Thomas R. Frieden, director of the Centers for Disease Control and Prevention from 2009 to 2017, is president and chief executive of Resolve to Save Lives, an initiative of the public-health nonprofit Vital Strategies.
Driven by sharp increases in deaths from drug overdoses, U.S. life expectancy declined for a second consecutive year in 2016. Even during the height of the AIDS epidemic in the early 1990s, life expectancy did not decrease over multiple years. Preliminary data suggests that U.S. life expectancy may drop even further in 2017 — a three-year decline not seen since World War I and the global influenza pandemic a century ago.
The dramatic increase in deaths from illegal opioids — particularly illicitly manufactured fentanyl — is driving this alarming trend. The evidence suggests that the increase isn't because of an increase in the number of people using drugs, but rather by greater lethality of the drugs, primarily fentanyl. Until we more effectively address this component of the epidemic, there will likely be further increases in deaths.
But another momentous negative trend has been lost in the appropriate focus on drug overdose: The decades-long decline in deaths from cardiovascular disease has leveled off. Over a half century, cardiovascular death rates decreased by 60 percent , with this decrease accounting for about three-fourths of the overall U.S. life expectancy gains in that time. Because increases in drug-related deaths are no longer being offset by decreases in deaths from cardiovascular disease, and because drug overdose tends to kill people at younger ages, the trend toward lowered overall life expectancy has become apparent.
To get the United States back on track to longer lives, we need to make much more and faster progress against both drug overdose and cardiovascular disease.
On the opioid crisis, heightened attention to overprescribing of pain medications, including new prescribing guidelines, has begun to reverse the two-decade-long increase in deaths from opioid prescription drugs. We need to drastically improve management of both pain and addiction. This will require improvements in how medical care, including physical therapy and addiction treatment, is provided and paid for. And law enforcement needs to stanch the inflow of illicit heroin and fentanyl, because lower prices and greater accessibility lead, inevitably, to increased use.
For those addicted to opioids, easy access to medically-assisted treatment, particularly with buprenorphine and methadone, is important. For everyone else, we need to hit the reset button on opioid prescriptions, which, except for terminal palliative care and no more than three days for acute pain, should rarely be used. These are dangerous medications — a few doses and a patient can be addicted for life, and a few too many pills and a person can die; no other class of medication kills such a high proportion of people who take them. Doctors and their state medical boards should be informed each time a person dies from a prescription they wrote.

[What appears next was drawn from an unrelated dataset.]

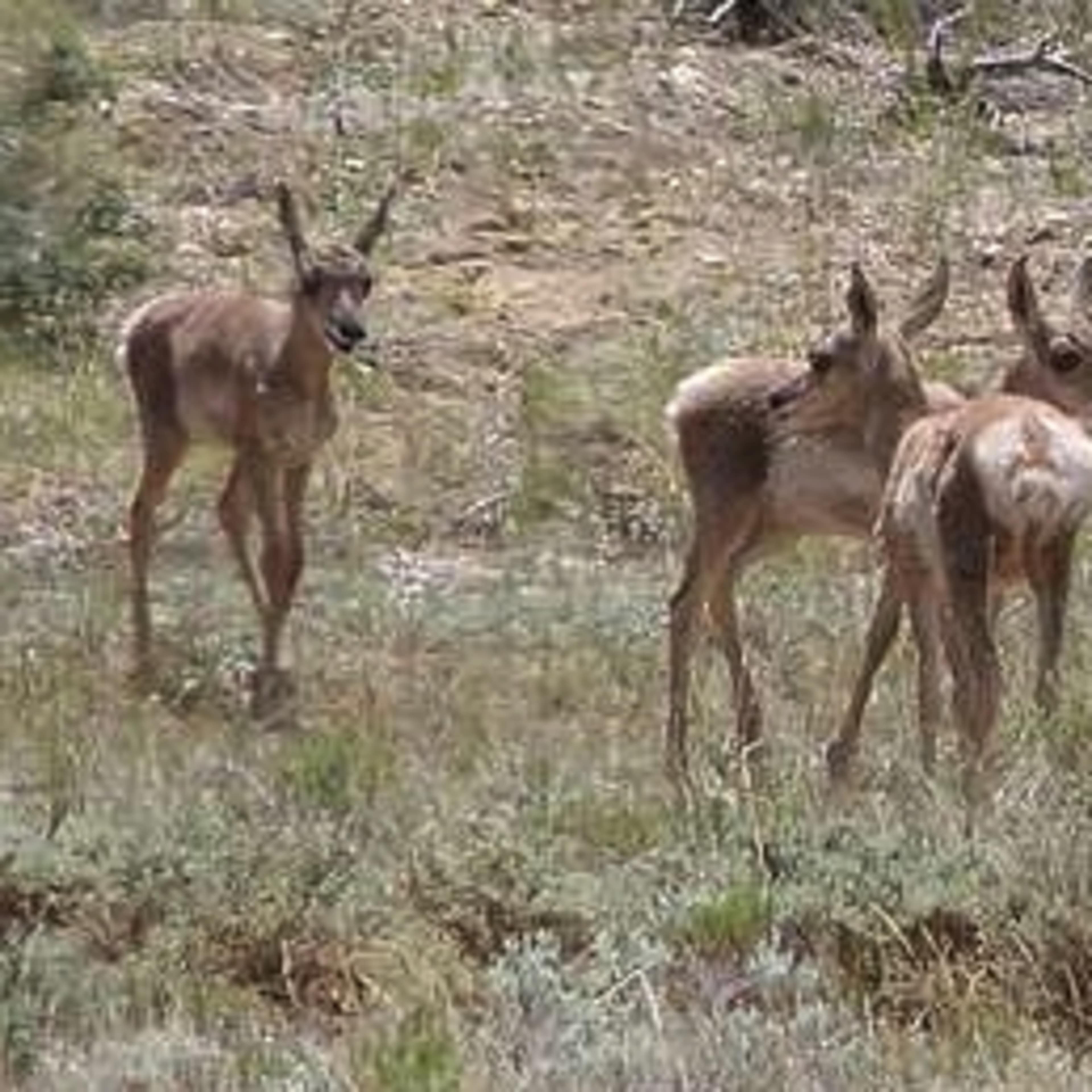 Vona Pronghorn Lands- 3-Day Doe Antelope Hunt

At the same time, cardiovascular disease remains the leading cause of death in the United States, killing more than 15 times as many people as drug overdoses. We continue to devote insufficient attention and resources to reducing cardiovascular disease.
Initiatives such as Million Hearts, as well as increased access to low- or no-cost screening and treatment, have helped increase the number of people whose blood pressure and cholesterol levels are controlled. But U.S. blood pressure control rates continue to hover at only around 55 percent, even though some health-care systems and countries have achieved rates of about 70 percent.
To get more value for our health-care dollar, we must embrace a non-political approach to greatly improve the quality of clinical care, starting with cardiovascular disease prevention. This means holding every system accountable for delivering care as the best systems do — getting value by rewarding outcomes of blood-pressure control, cholesterol management, appropriate use of aspirin and smoking cessation services.
Some contributors to cardiovascular disease are community-wide; addressing these will require changes outside of the health field. The increase in obesity among people reaching the ages at which heart attacks and strokes are more common is a likely major contributor to the slowing of the decrease in cardiovascular deaths. Exhorting people to eat less and exercise more will fail — only systemic approaches to change the food and physical environments have a chance of success, and these are more likely to work to prevent obesity than attempting to reverse it one person at a time.
Taxing sugar-sweetened beverages is the single most promising intervention to prevent obesity. Excess dietary sodium intake, mostly from salt added to food during manufacture or commercial preparation, is a leading contributor to high blood pressure. Governments in several countries, including Britain, Kuwait and South Africa , have partnered with the food industry to reduce sodium content and put choice into consumers' hands; a similar approach in the United States would save money and lives.
With sufficient effort, political courage and resources, we can resume increases in life expectancy. When we get the epidemic of opioid overdose deaths under control, as we must, cardiovascular disease will still loom as the leading cause of death in the United States and worldwide. Further substantial increases in U.S. life expectancy depend on our ability to stop the opioid-use epidemic and substantially reduce the burden of cardiovascular disease.